Make an exact copy of the records, and keep the pictures out of it.

**Available records:**
^^^^

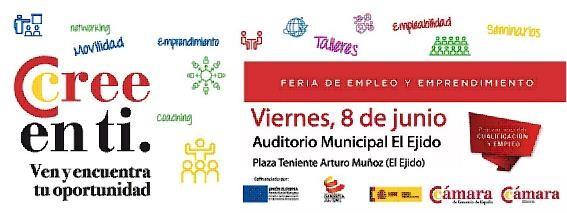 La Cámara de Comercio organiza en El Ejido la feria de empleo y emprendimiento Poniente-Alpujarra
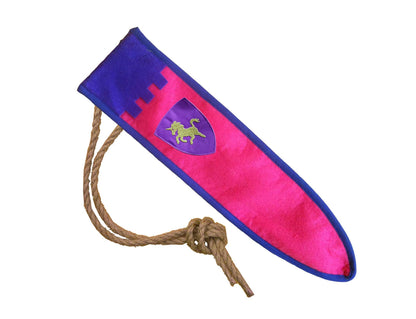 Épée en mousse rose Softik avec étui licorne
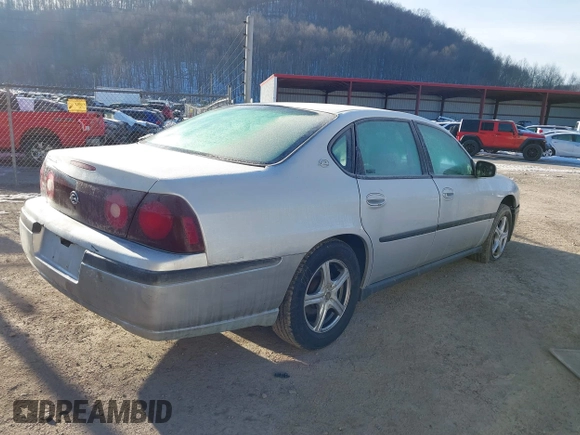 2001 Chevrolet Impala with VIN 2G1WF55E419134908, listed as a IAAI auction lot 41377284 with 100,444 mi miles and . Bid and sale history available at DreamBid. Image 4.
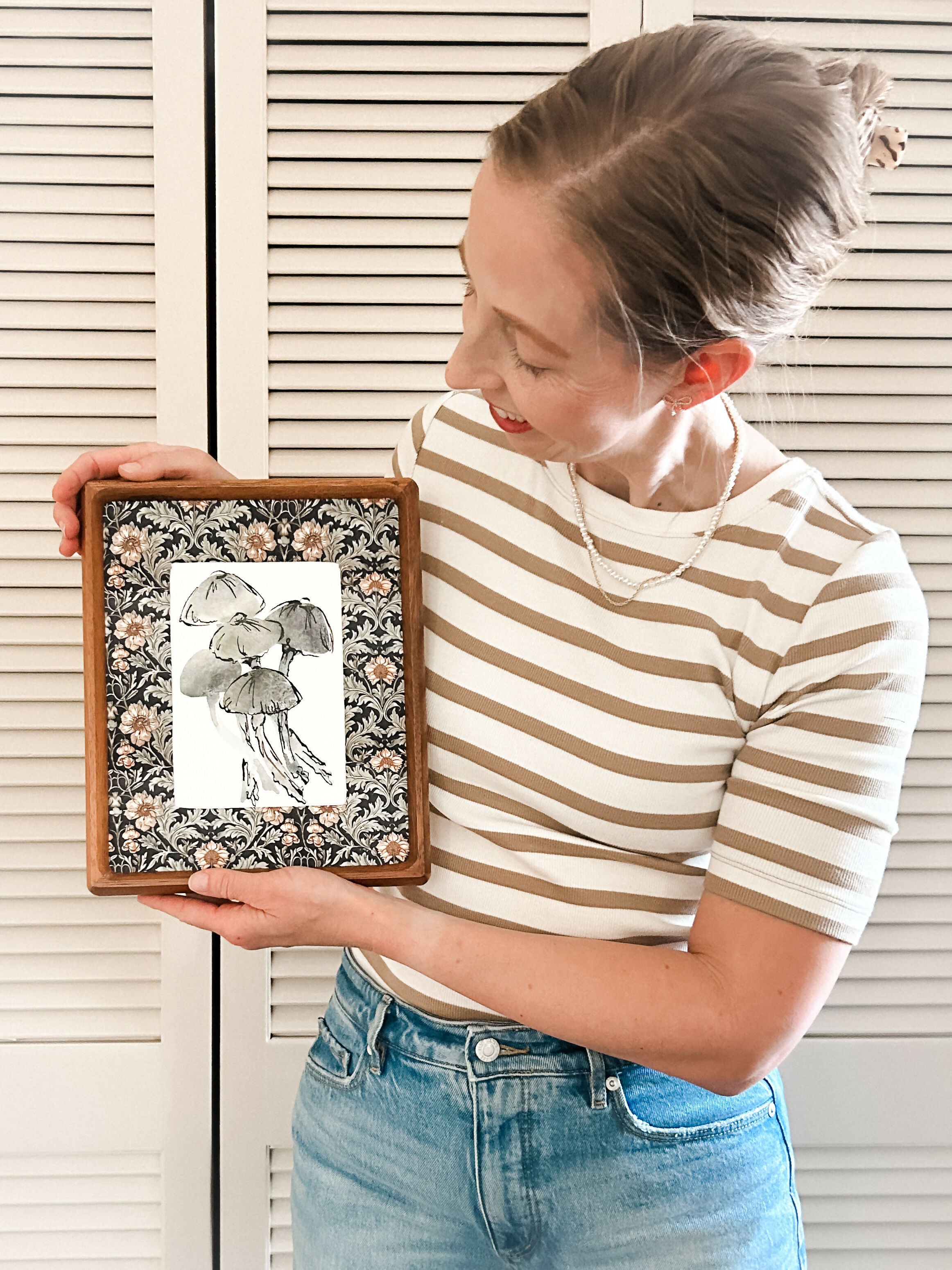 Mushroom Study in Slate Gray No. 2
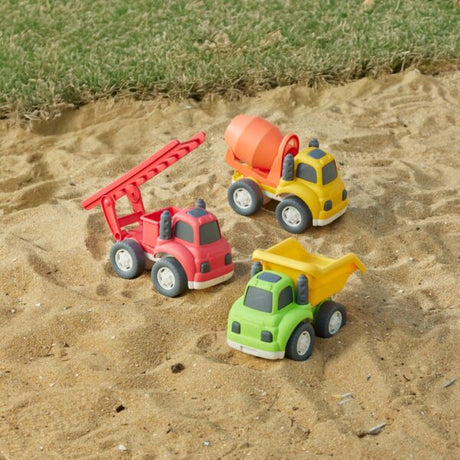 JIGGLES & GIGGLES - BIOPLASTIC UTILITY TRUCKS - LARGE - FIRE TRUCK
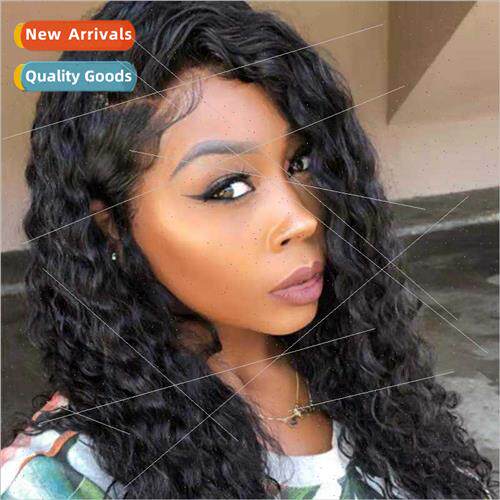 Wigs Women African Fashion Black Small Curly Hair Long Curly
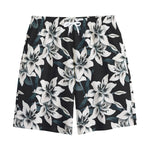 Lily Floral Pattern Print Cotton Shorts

^^^^

**Solution for this problem:**
 La Cámara de Comercio organiza en El Ejido la feria de empleo y emprendimiento Poniente-Alpujarra
 Épée en mousse rose Softik avec étui licorne
 2001 Chevrolet Impala with VIN 2G1WF55E419134908, listed as a IAAI auction lot 41377284 with 100,444 mi miles and . Bid and sale history available at DreamBid. Image 4.
 Mushroom Study in Slate Gray No. 2
 JIGGLES & GIGGLES - BIOPLASTIC UTILITY TRUCKS - LARGE - FIRE TRUCK
 Wigs Women African Fashion Black Small Curly Hair Long Curly
 Lily Floral Pattern Print Cotton Shorts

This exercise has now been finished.